McMinn v. O'Connor
Before: Currey
Synopsis
Acknowledgment of a Deed. — A consular agent of the United States in a foreign port, on the 15th of January, 1859, or prior thereto, was not empowered to take and certify the acknowledgment of the execution of a deed conveying real estate in this State.
Certificate of Acknowledgment of Deed.—A certificate of the acknowledgment of the execution of a deed is defective if it does not state that the person making the acknowledgment is known to the officer, or proved to him to be the person described in and who executed the same.
Certified Codies of Deeds as Evidence.—Copies of deeds duly filed for record in the Recorder’s office of the proper county, or which, after having been duly filed for record, have been recorded in the proper book of records, are admissible in evidence in all Courts and in all actions and proceedings with the like effect as the originals could be if produced, upon proof of the loss of the originals, or that they are not in the power of the party offering the copies.
Deeds duly Recorded.—Deeds not properly acknowledged or proved, but filed for record or recorded in the proper book of the proper county, are not duly filed for record or duly recorded.
Certified Copy of Recorded Deed not duly Acknowledged as Evidence.— A certified copy of a deed filed for record, or recorded in the proper book of records prior to the Act of April 30, 1860, but which was not acknowledged or proved as required by law, is not admissible in evidence without proof being first made that the original deed was genuine, and was, in truth, executed by the grantor or grantors therein named.
Deed not duly Acknowledged, Executed and Witnessed in a Foreign Country.—Where a deed not properly acknowledged is executed and witnessed by a subscribing witness in a foreign country, proof that it was executed by the grantor is sufficient to entitle it to be received in evidence without producing the attesting witness, or accounting for his absence, or proving his handwriting.
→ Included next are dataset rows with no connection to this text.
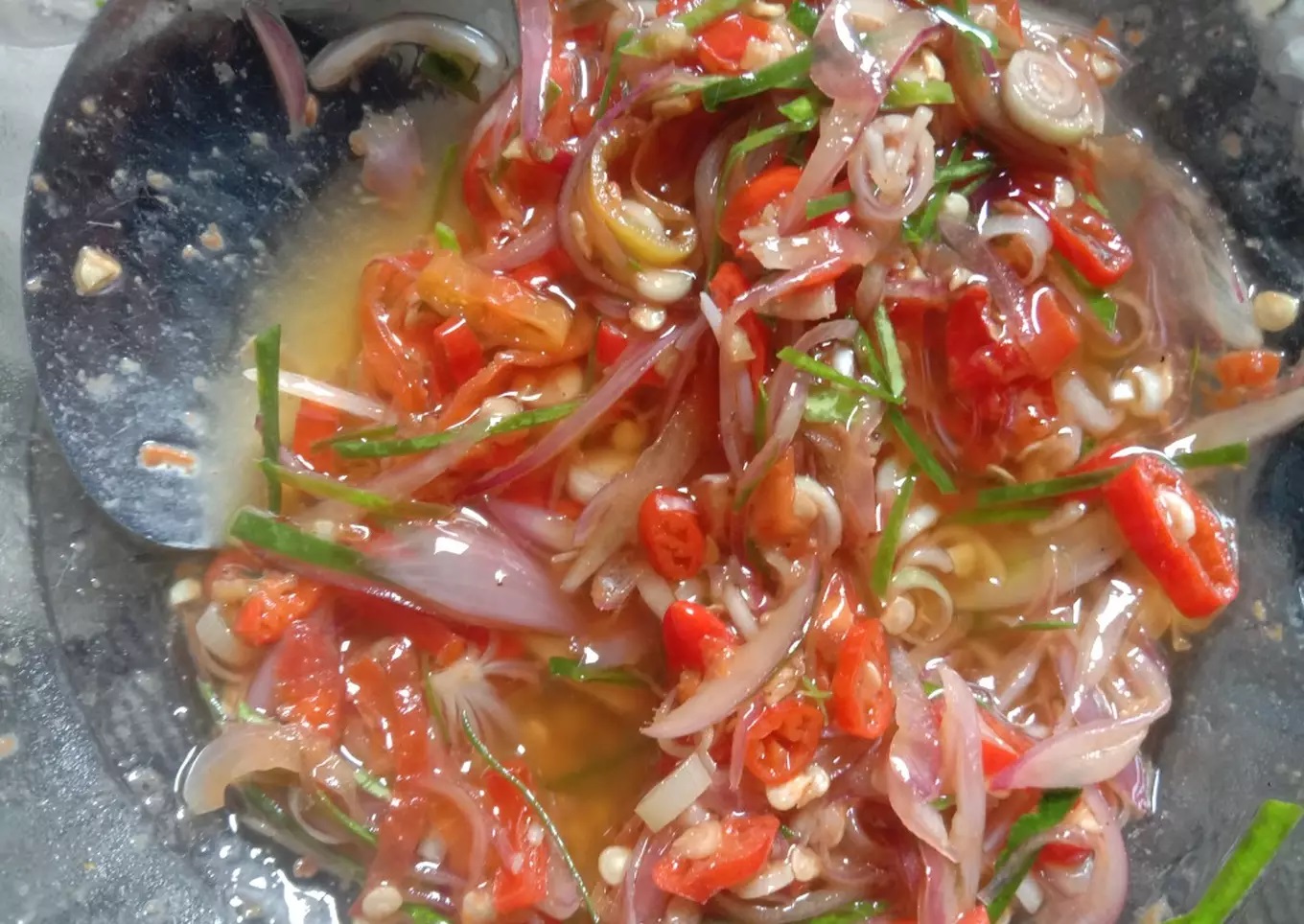 sambal matah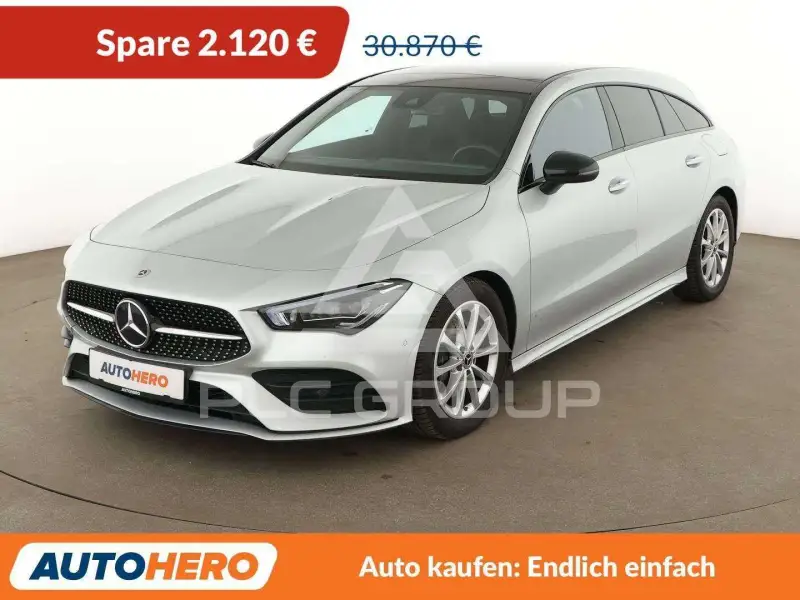 2023 Mercedes Benz CLA 220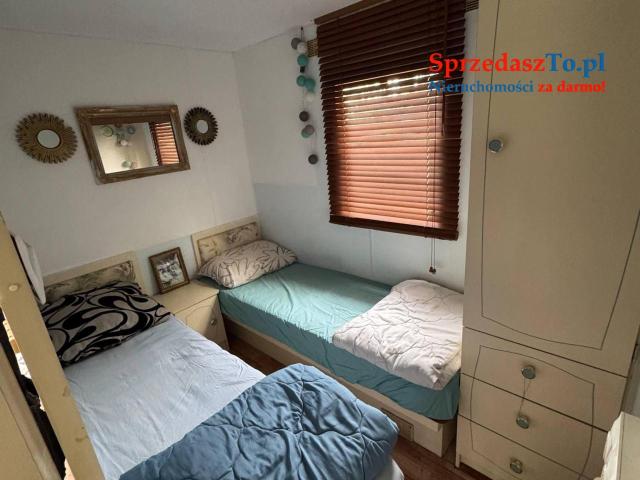 Działka rekreacyjna z domkiem letniskowym - 6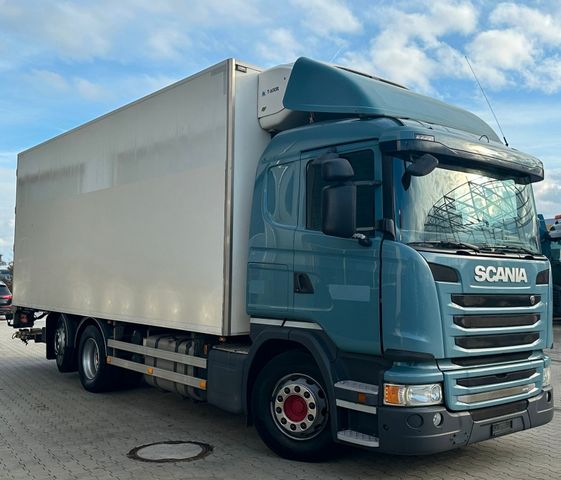 Scania G450 6x2,E6,Thermo King T-800R,VAN-ECK, Rollbahn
Evidence of Title acquired pending Litigation.—If the defendant in an action to recover possession of real estate has acquired title to the demanded promises pending the litigation, evidence of this fact cannot be introduced, unless it is pleaded as a defense in a supplemental answer.
Certificate of Purchase as Evidence.—A certificate of purchase of real estate, executed by a Sheriff on a sale made by virtue of an execution issued on a judgment, is incompetent as evidence to establish any right, either legal or equitable, to the possession of the premises therein described.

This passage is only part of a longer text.